Problem details => In the entries that follow, the lines from the line containing "Wide aerial view" up to and including the line containing "The interior of" must be copied exactly, with pictures omitted.

Records to process =>

* * * * * * * * *

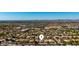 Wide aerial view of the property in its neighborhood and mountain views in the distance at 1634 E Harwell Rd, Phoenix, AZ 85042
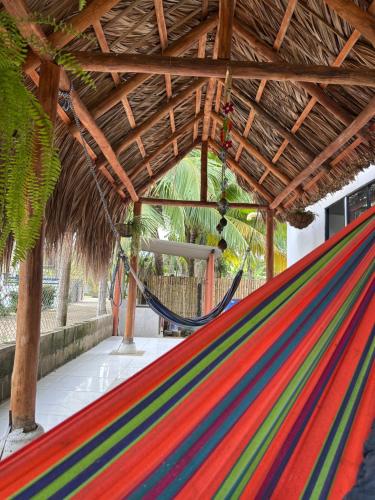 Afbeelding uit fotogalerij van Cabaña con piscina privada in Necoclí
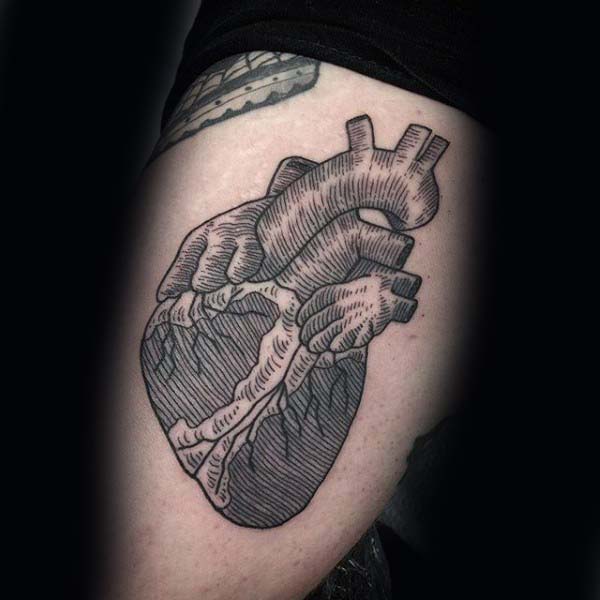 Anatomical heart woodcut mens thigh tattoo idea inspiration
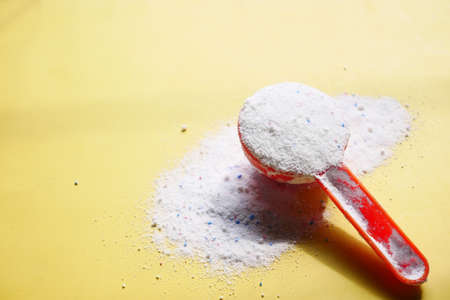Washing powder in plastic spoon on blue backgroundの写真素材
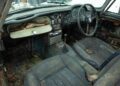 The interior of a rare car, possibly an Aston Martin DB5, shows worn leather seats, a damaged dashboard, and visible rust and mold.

* * * * * * * * *

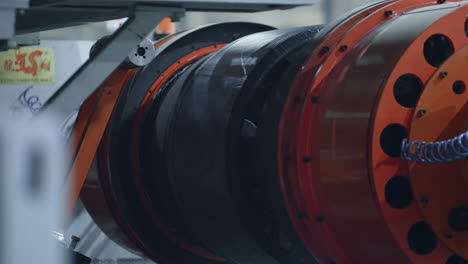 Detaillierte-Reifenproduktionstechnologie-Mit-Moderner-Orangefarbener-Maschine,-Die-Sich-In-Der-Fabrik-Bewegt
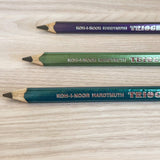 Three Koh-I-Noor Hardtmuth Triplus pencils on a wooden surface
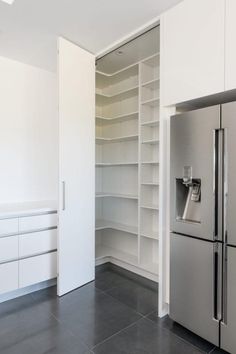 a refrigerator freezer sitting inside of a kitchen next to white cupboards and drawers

* * * * * * * * *

Output for this exercise =>
 Wide aerial view of the property in its neighborhood and mountain views in the distance at 1634 E Harwell Rd, Phoenix, AZ 85042
 Afbeelding uit fotogalerij van Cabaña con piscina privada in Necoclí
 Anatomical heart woodcut mens thigh tattoo idea inspiration
Washing powder in plastic spoon on blue backgroundの写真素材
 The interior of a rare car, possibly an Aston Martin DB5, shows worn leather seats, a damaged dashboard, and visible rust and mold.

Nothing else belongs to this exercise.